La febbre tifoide nel conflitto israelo-palestinese

Come da enciclopedia Wikipedia, l’antisemitismo, per alcuni sinonimo di giudeofobia, è il pregiudizio, la paura o l’odio verso i giudei, cioè gli ebrei. Secondo la Working Definition of Antisemitism (“definizione pratica dell’antisemitismo”), dell’Agenzia europea dei diritti fondamentali, “l’antisemitismo è quella certa percezione descrivibile come odio verso gli ebrei. Le manifestazioni retoriche e fisiche dell’antisemitismo sono dirette contro singoli ebrei o non ebrei, e/o contro la loro proprietà, contro le istituzioni comunitarie e contro le strutture religiose ebraiche”.

L’antisemitismo accusa frequentemente gli ebrei di cospirare ai danni del resto dell’umanità, ed è spesso utilizzato per incolpare gli ebrei di uno o più problemi politici, sociali ed economici. Trova espressione orale, scritta e impiega stereotipi sinistri e tratti caratteriali negativi.

Era prevedibile che il bestiale attacco di Hamas contro Israele avrebbe riportato a galla l’antisemitismo che covava e cova sotto la cenere, così come le simpatie verso il fanatismo religioso e verso il terrorismo. Preoccupano le reazioni violente che si intravedono anche in Europa e in Italia. È però inutile scandalizzarsi e gridare al lupo, sarebbe piuttosto importante invece ricercare i motivi di questo assurdo sentimento.

Non ho la presunzione di avere una spiegazione certa e compiuta, ma ritengo che molto antisemitismo dipenda e derivi, come reazione, dalla retorica santificazione dell’ebraismo, da una sorta di filo-ebraismo ante litteram. L’ostilità verso gli ebrei non si combatte dando loro sempre e comunque ragione, ma semmai dialogando con questo popolo ed il suo Stato e vedendone pregi e difetti. Chi osa evidenziare errori politici, sociali ed economici di Israele, soprattutto nei confronti della realtà palestinese, viene immediatamente bollato come negazionista della Shoa o come revisionista storico. Gli ebrei non sono riusciti a instaurare un clima di coesistenza pacifica con i palestinesi, condannandoli all’isolamento e all’ascolto delle sirene arabe.

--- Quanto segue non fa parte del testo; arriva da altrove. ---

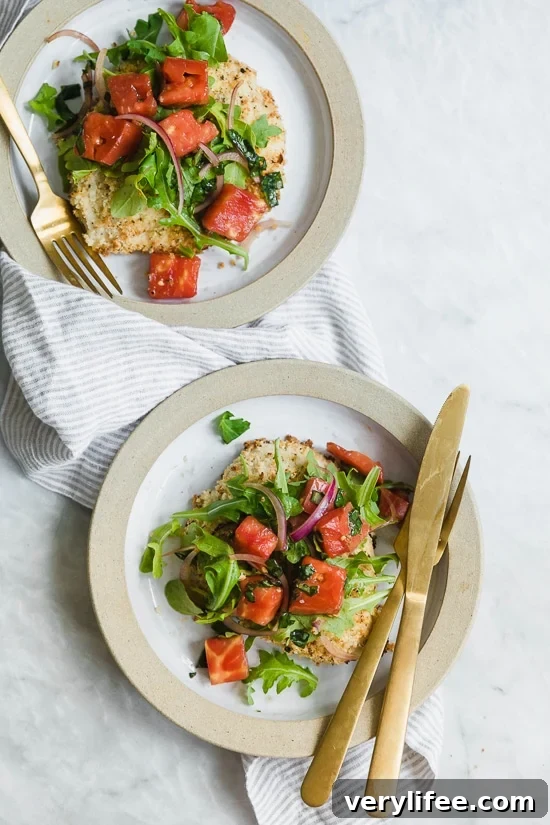Baked Chicken Milanese is made with breaded chicken cutlets, baked in the oven topped with arugula, tomatoes and balsamic. This is my favorite restaurant dish, made healthier!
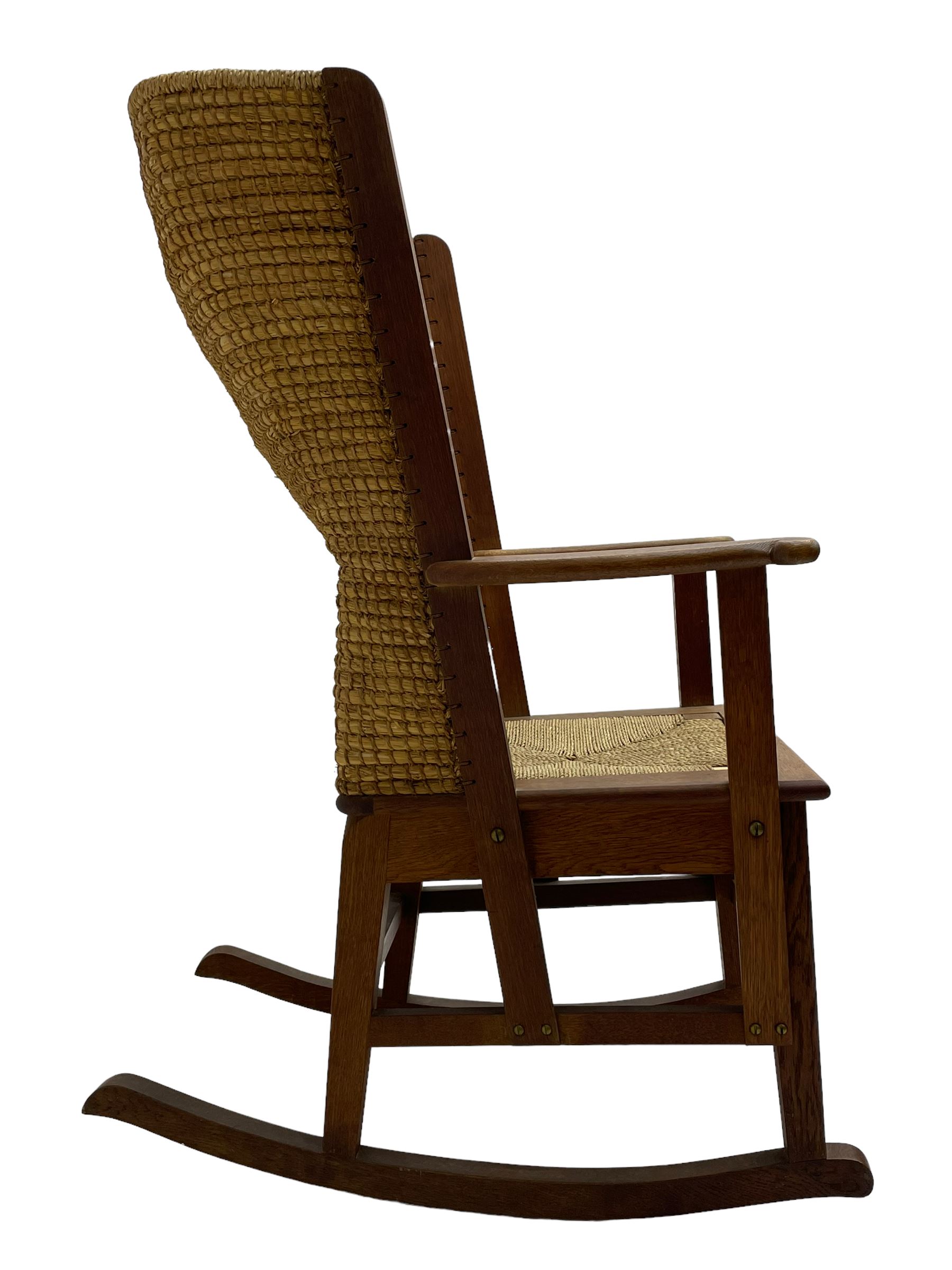 Reynold Eunson (1932–1978) for David Munro Kirkness, Kirkwall, Orkney - oak framed Orkney rocking chair, woven straw curved back, drop-in rush seat, the arm terminals with carved end scroll, on square tapering supports joined by plain stretchers, the front rail inscribed with makers marks
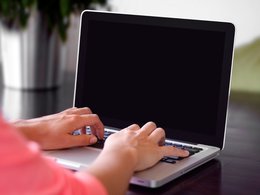 Zwei Hände schreiben auf der Tastatur eines Laptops.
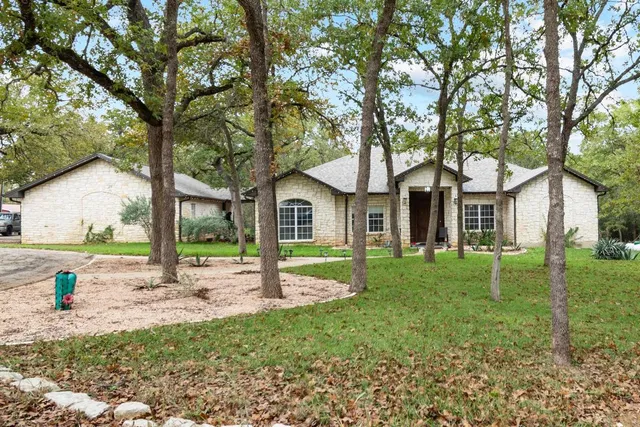 a view of a house with backyard and a tree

Dall’altra parte si è portata avanti la strumentale uguaglianza fra Stato palestinese e terrorismo-fanatismo, regalando un popolo in disperata ricerca di spazio all’illusione di trovarlo nell’annientamento dello Stato ebreo.

La situazione geopolitica dei rapporti far queste due realtà non tiene, perché basata sulla prepotenza, sulla vendetta, sul risentimento, sull’odio fra le parti. Chi guarda alle ingiustizie che subisce il popolo palestinese è portato a sposarne acriticamente la causa inneggiando a tutto quanto può servire ad essa, violenza, terrorismo e fanatismo religioso compresi. Chi guarda alle violenze patite dal popolo ebreo, messo in discussione persino nel suo diritto ad avere uno Stato (argomento peraltro ambivalente), finisce col criminalizzare tutto ciò che può essere indistintamente riconducibile alle proteste palestinesi.

In buona sostanza credo che esistano due modi manichei di essere amici degli ebrei o amici dei palestinesi e ciò non aiuta chi ha idee confuse e quindi è portato a rifugiarsi nei pregiudizi storici, religiosi e politici. Proviamo ad affrontare i problemi in modo critico e costruttivo, forse toglieremo brodo di coltura all’antisemitismo, al filo-terrorismo, al fanatismo religioso.

Certo, in questo momento, di fronte alle violenze scatenate contro Israele, è normale che prevalga l’istinto a sposare aprioristicamente la causa ebrea, ma così facendo facciamo del male a tutti e ci inseriamo in una spirale di odio da cui non si esce se non sfogandosi con propositi di guerra e di vendetta.